What’s quirky about this trend is that it has a completely counterintuitive effect: Our increasing preference for self-service means brands need to invest more—not less—in their agents. That’s right—the more customers don’t want to talk to you, the more you need to focus on the moments when they do talk to you. The reasons for this are twofold.
First, agents today deal with more complex issues. The non-agent interactions that customers have tend to center on the simpler things. How do I change my password? Where is the nearest store location? How do I arrange a return? This means that the simpler problems are taken out of the customer service funnel at the top; all that’s left for your agents are the tougher issues and edge cases that self-service cannot handle.
Second, agents today start most interactions three steps behind. Because a customer tried to self-serve and failed, he is already frustrated when the agent arrives on the scene. The poor agent has done nothing but say “hello” and is immediately greeted with exasperation. And then that agent needs to solve a complex problem for an increasingly irritated customer. Doesn’t seem fair, does it?
All of this leads back to the idea that you need to invest more in your agents; you may even need to rethink your ideas about who and how to recruit, hire, and train. Here are two approaches:
• Pay agents more. This radical idea seems to have little traction, but try raising the base pay of your agents by $3 per hour and see the impact it has on customer experience metrics. The higher pay will allow you to expand the pool from which you draw your customer service staff. It also allows you to be more discerning in selecting the ones who will handle the more intricate service requests with aplomb.
• Focus on the tools you provide agents with. In a Forrester survey of global information workers who work in customer service, we found that those who were happier with the technology on hand were more likely to be happy in their job. Additionally, they were more likely to recommend their company as a good employer. That latter piece of data is critical. People tend to be friends with people like themselves—they come from similar socioeconomic backgrounds and have similar levels of education. When your best agents are happy with the tools you give them, they’ll act as a promoter for your company as a great place to work. The people they know are likely the type of people you want in your contact centers because they are similar to those high-performing agents. In fact, think of this as a way to clone your best performers.
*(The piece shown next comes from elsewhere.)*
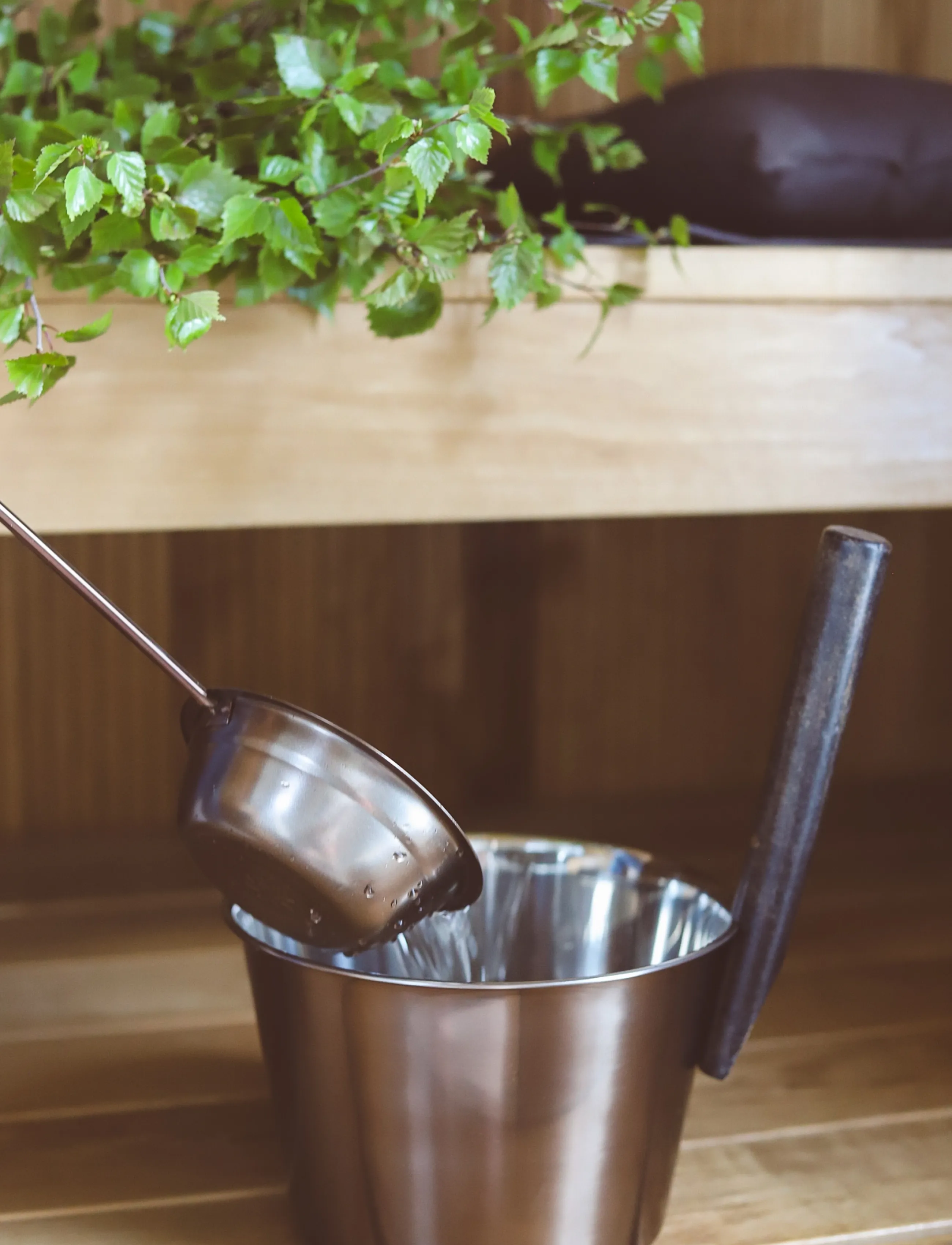 Emendo - Dark grey sauna bucket and ladle, steel - saunakübel und -kellen - grey - 0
So what types of technologies make agents happy? Tools that empower them to do the tasks at hand and don’t make them feel like they are constantly fighting the system. To deal with complex support, process-guidance tools can lead agents through the service process step-by-step. Process simplification aims to break complex processes down into discrete steps, and provides help for agents at each step, especially important for infrequently accessed processes. Predictive tools understand real-time text or real-time speech and interject recommendations based on this real-time dialogue. Finally, because contact center agents tend to be younger than typical enterprise employees, providing a consumer feel to technology becomes even more critical to making the agents successful. And successful, happy agents will lead to happier customers.